La defensa que hace el partido de las minorías y la celebración de la diversidad son genuinas y loables, pero han creado una enorme brecha entre el Partido Demócrata y una extensa franja del centro de EEUU. Este es un abismo cultural que no puede superarse defendiendo políticas más efectivas en créditos fiscales, cursos de reincorporación al mercado laboral y educación preescolar. Los demócratas necesitan hablar sobre la identidad nacional de Estados Unidos de una manera que resalte los elementos comunes que unen, no aquellos que nos dividen. Las políticas en esas áreas son importantes. El partido debería tomar una posición en cuanto a la inmigración que sea menos absolutista, que reconozca tanto los costes culturales como los económicos de la inmigración masiva.

En alguno de los asuntos relacionados con la orientación sexual, puede (y debería) afirmar sus principios sin compromiso. Sin embargo, tal vez sea posible mostrar una mayor comprensión hacia las zonas del país que no están de acuerdo. California promulgó hace poco una prohibición de viaje que ahora inhabilita viajes financiados por el Estado a ocho estados con leyes que, en opinión de California, discriminan a personas del colectivo LGBTQ (lesbianas, gais, bisexuales, transgénero). Mientras tanto, California no tiene ningún problema en pagar a los empleados para viajar a paraísos de la tolerancia como China, Qatar y Rusia.
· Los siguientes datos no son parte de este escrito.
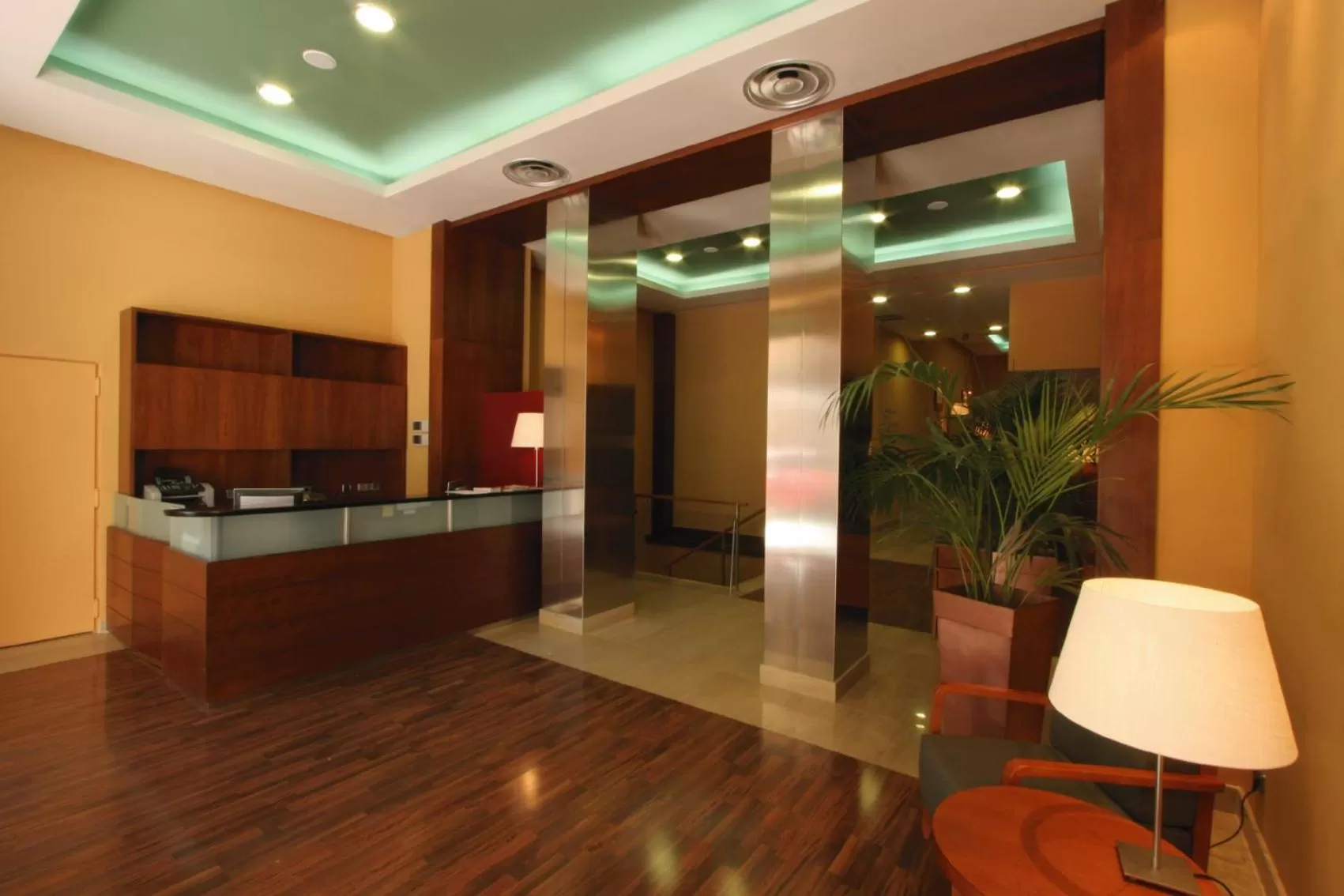 Lobby or reception in Victoria 4 Puerta del Sol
Cuanto más estudio sobre este asunto, más me convenzo de que las personas deciden su voto basándose, principalmente, en una unión emocional con un candidato, en el sentimiento de que se entienden el uno al otro. Los demócratas tiene que reconocer esto. Deberían intentar siempre ser fieles a sus ideales, por supuesto, pero también trasladar a una amplia gama de estadounidenses (los del medio rural, los que tienen menos formación, los de mayor edad, los blancos) que comprenden y respetan sus vidas, sus valores y su valía. Es un ejercicio de equilibrio mucho más complejo que presionar para lograr un aumento del salario mínimo. Hoy en día, este terreno de la identidad cultural es el auténtico cruce de caminos de la política.